How Dragon Ball Z: Kakarot is retelling the anime epic

As one of the biggest and most enduring anime series out there, it’s really no surprise that there’s more video game adaptations of Dragon Ball than you can shake a stick at. After last year’s excellent Dragon Ball FighterZ, the bar has been set higher than ever. Can Dragon Btall Z: Kakarot live up to those lofty expectations?

Dragon Ball Z: Kakarot is a straight up video game retelling of Dragon Ball Z, picking up the story with Goku and his son Gohan going to visit old friends from adventures and battles past. Then aliens happen, kidnappings occur, secret origin stories are revealed. It’s all rather dramatic!

If the “take the anime and video game it” approach doesn’t sound familiar, it should do. Developer CyberConnect2 are perhaps best known for their Naruto games – Naruto Shippuden: Ultimate Ninja Storm 4: Road to Boruto the last of these – that largely adapted the anime’s story and battles into video game form, step by step. Kakarot follows in those footsteps, with large open world areas to explore and titanic battles that follow the story of the show.

Kakarot looks the absolute business, I have to say. The open world areas that you run and fly around are a little basic feeling, but give an impressive sense of scale as you get to check out cars trundling around on the ground then blast off up into the sky until they’re a tiny speck.

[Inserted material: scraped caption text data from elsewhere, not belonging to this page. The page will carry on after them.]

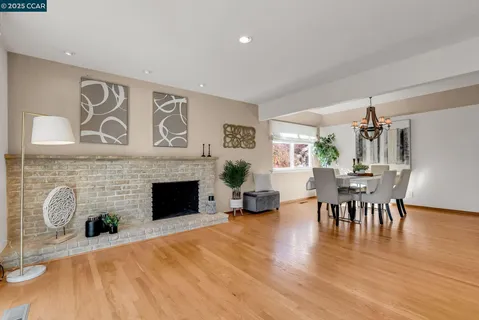 $875,000 | 5872 Herriman Drive, Clayton, CA 94517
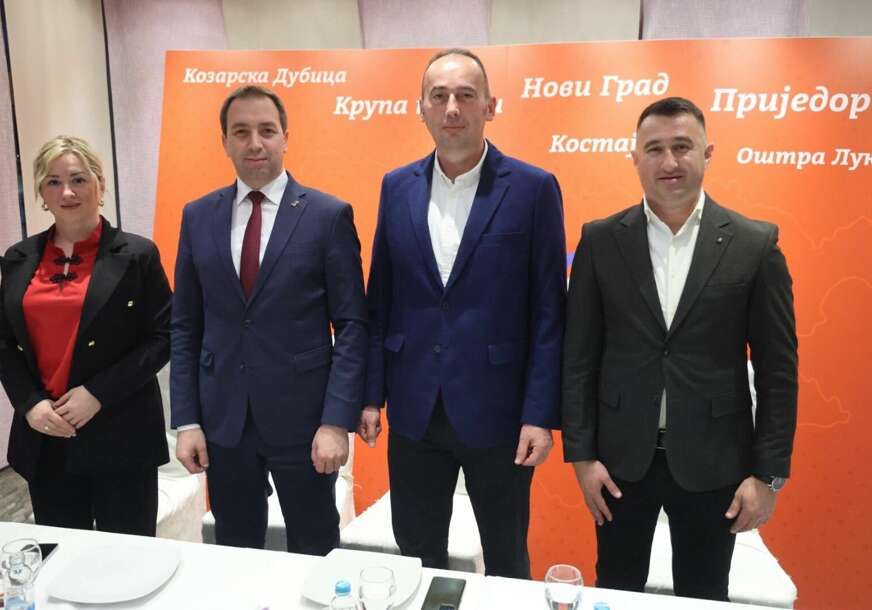 (FOTO) "SPS nastavlja da raste" Odbornici i kompletan opštinski odbor SP pristupili Selakovoj partiji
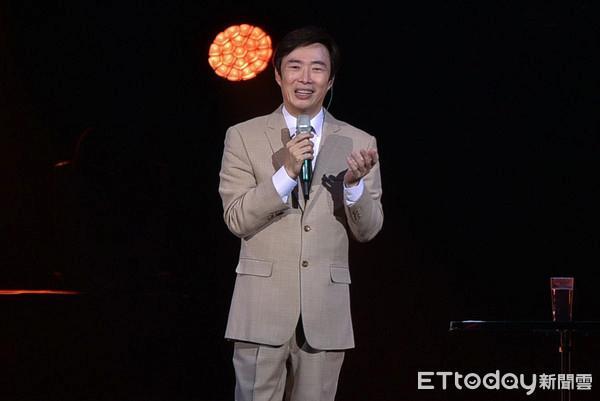 64歲費玉清正式退出歌壇：各位朋友，珍重再見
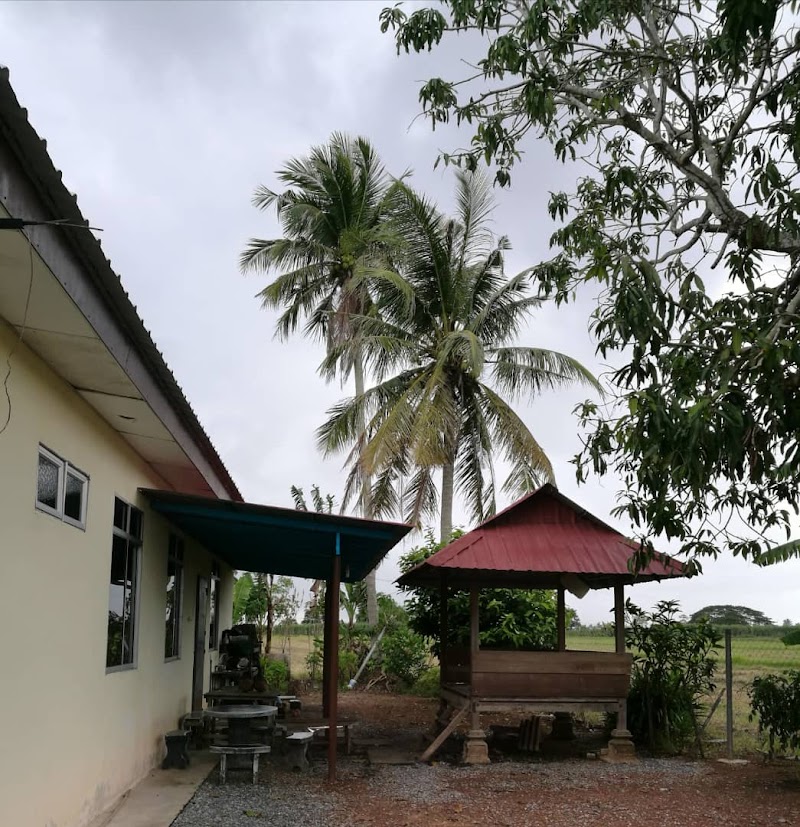 Idaman Homestay Pida 9 Lama, Ayer Hitam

It really comes into its own in battle though.

Fights have you locked onto your enemy one at a time, largely on a horizontal plane, but every once in a while, one of you can be kicked up higher, shifting your angle dramatically vertical. It’s most spectacular when fighting close to the ground, your flight cutting into the grass, your attacks denting the floor, potentially even shattering the huge rocky buttes if you fly through them or smash an opponent.

Battles against the regular enemies, Robo Skulls, won’t keep you occupied for more than a few moments, but it’s really all about the narrative showstoppers. Whether you’re battling Piccolo, Raditz, or any of the other big bads that crop up through Dragon Ball Z’s story arcs, they’re designed to evoke the feel of the anime. Fights will have you whittling away multiple health bars, often triggering your adversary to pull out some special attack, and occasionally breaking into close up cinematic moments that absolutely capture the look and feel of the anime – you’d swear that some of these are ripped straight from the show!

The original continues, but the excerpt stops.